*** Exercise data Section Begins ***

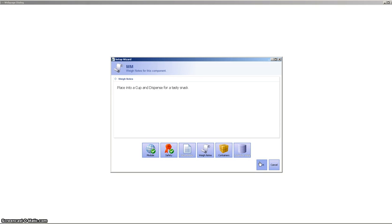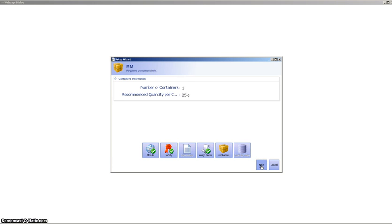We're going to move on. Here's some generic weigh notes. Place the M&Ms into a cup and dispense. Once we've reviewed the weigh notes, we can see that it's recommending that we use a 125-gram plastic container. That's good, and we'll move on.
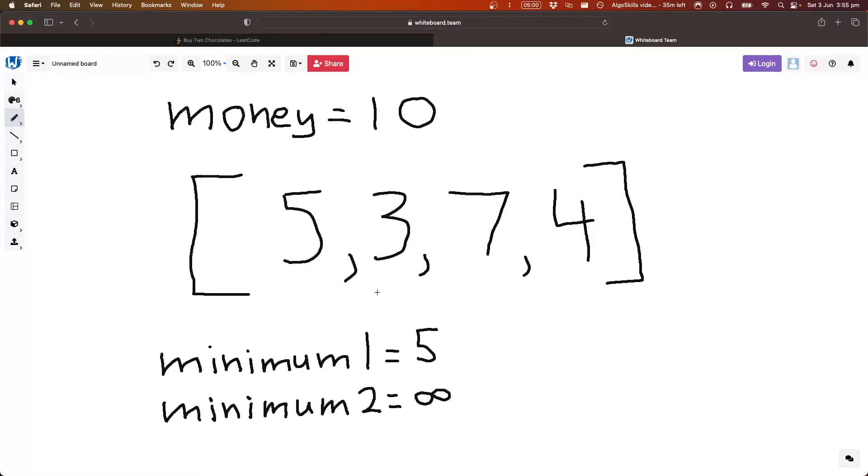Now let's move to the next one. So three. So then, again, same thing, is three smaller than minimum one? So is three smaller than five? Yes, it is.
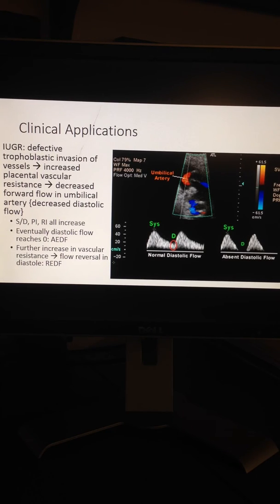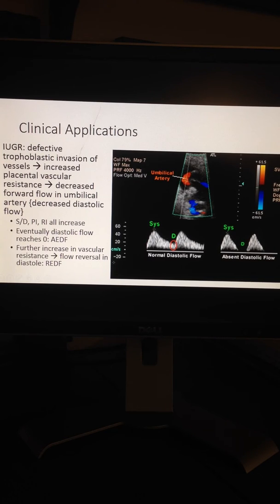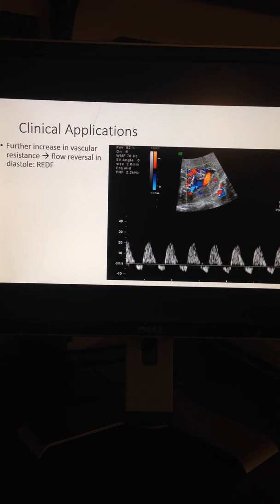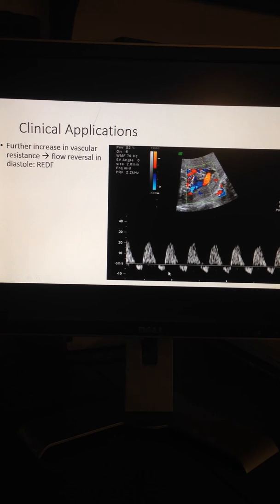The umbilical artery Doppler has a characteristic sawtooth appearance of arterial flow in one direction and umbilical venous flow in the other. With IUGR, there is defective trophoblastic invasion of vessels that leads to increased placental vascular resistance and decreased forward flow in the umbilical artery. With additional compromise, the diastolic flow approaches zero, and this is called absent end diastolic flow. Here is an image showing reverse end diastolic flow.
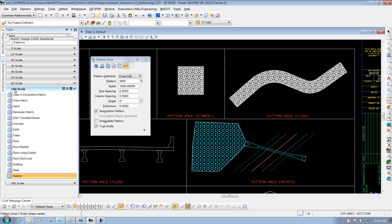Just keep in mind whenever you're placing that pattern out here, make sure you select the proper scale. Because if you don't, it may look correct on the screen, but if you print it out, it may look like just a solid black blob.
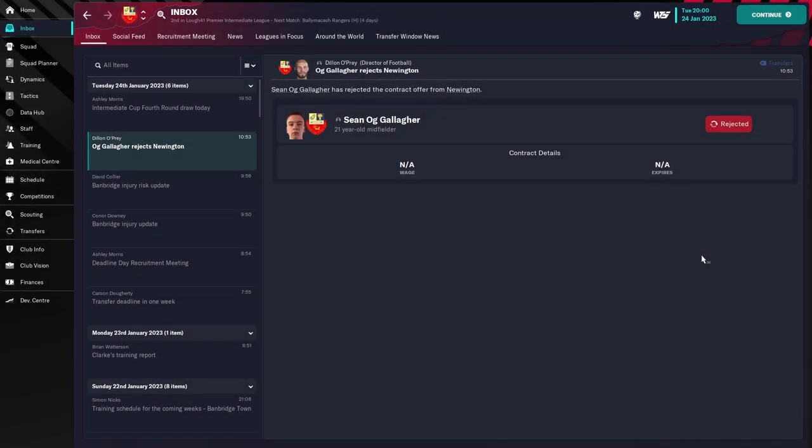What is going on guys? Welcome back to the Football Manager 2023 Journeyman Series. I know you guys have been following the series and have been really holding out for the next update.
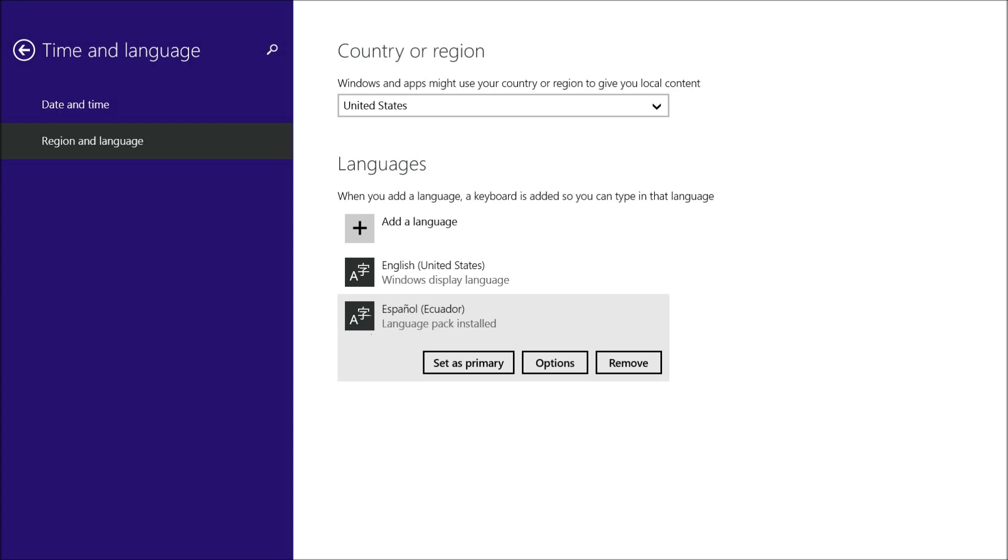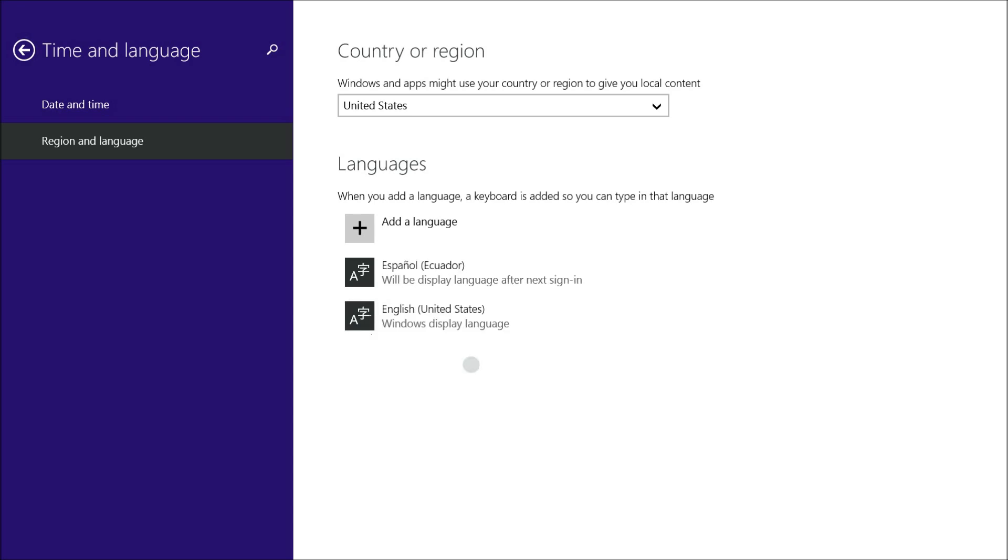So if you don't have a lot of space, don't download a lot of languages. I'll set as primary, and then it will take effect after I sign off and back on. I'll show you what that looks like here in a second.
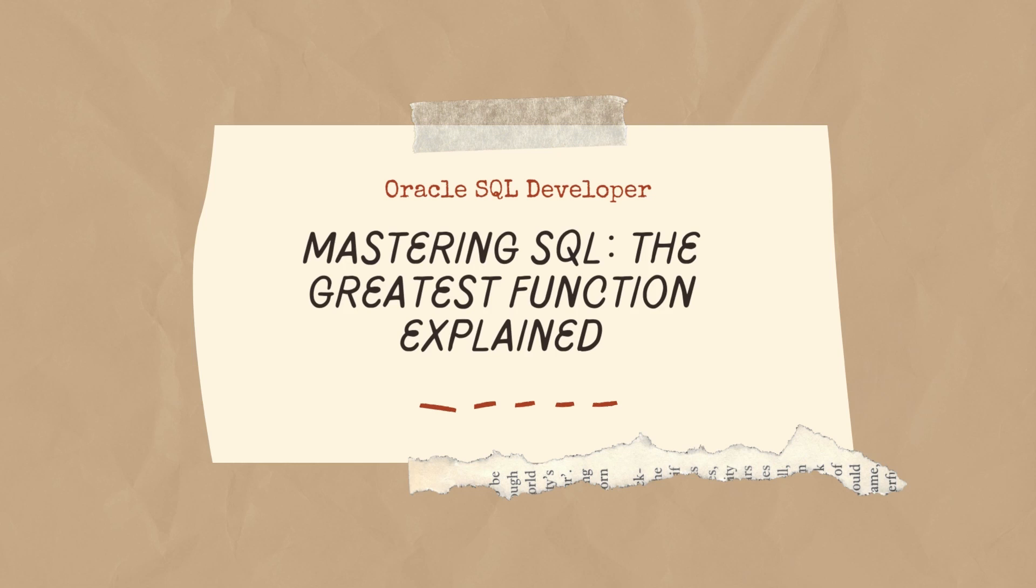Hey there, SQL enthusiasts. Welcome back. Today, we're diving deep into one of SQL's powerful functions, the Greatest Function. If you've ever wondered how to find the maximum value from a list of values in SQL, then stick around because we're going to uncover all the secrets of the Greatest Function.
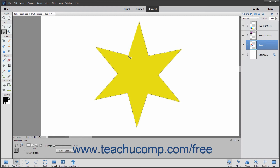Once again, you want to finish by clicking the initial starting point of the selection. A small circle appears next to the Lasso Tool's mouse pointer icon when you are hovering over the selection's starting point in the image. Click at that point to finish the selection.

*** Exercise data Section Ends ***

The response should reproduce all the material above exactly and leave out its pictures.

We're going to move on. Here's some generic weigh notes. Place the M&Ms into a cup and dispense. Once we've reviewed the weigh notes, we can see that it's recommending that we use a 125-gram plastic container. That's good, and we'll move on.
Now let's move to the next one. So three. So then, again, same thing, is three smaller than minimum one? So is three smaller than five? Yes, it is.
The umbilical artery Doppler has a characteristic sawtooth appearance of arterial flow in one direction and umbilical venous flow in the other. With IUGR, there is defective trophoblastic invasion of vessels that leads to increased placental vascular resistance and decreased forward flow in the umbilical artery. With additional compromise, the diastolic flow approaches zero, and this is called absent end diastolic flow. Here is an image showing reverse end diastolic flow.
Just keep in mind whenever you're placing that pattern out here, make sure you select the proper scale. Because if you don't, it may look correct on the screen, but if you print it out, it may look like just a solid black blob.
What is going on guys? Welcome back to the Football Manager 2023 Journeyman Series. I know you guys have been following the series and have been really holding out for the next update.
So if you don't have a lot of space, don't download a lot of languages. I'll set as primary, and then it will take effect after I sign off and back on. I'll show you what that looks like here in a second.
Hey there, SQL enthusiasts. Welcome back. Today, we're diving deep into one of SQL's powerful functions, the Greatest Function. If you've ever wondered how to find the maximum value from a list of values in SQL, then stick around because we're going to uncover all the secrets of the Greatest Function.
Once again, you want to finish by clicking the initial starting point of the selection. A small circle appears next to the Lasso Tool's mouse pointer icon when you are hovering over the selection's starting point in the image. Click at that point to finish the selection.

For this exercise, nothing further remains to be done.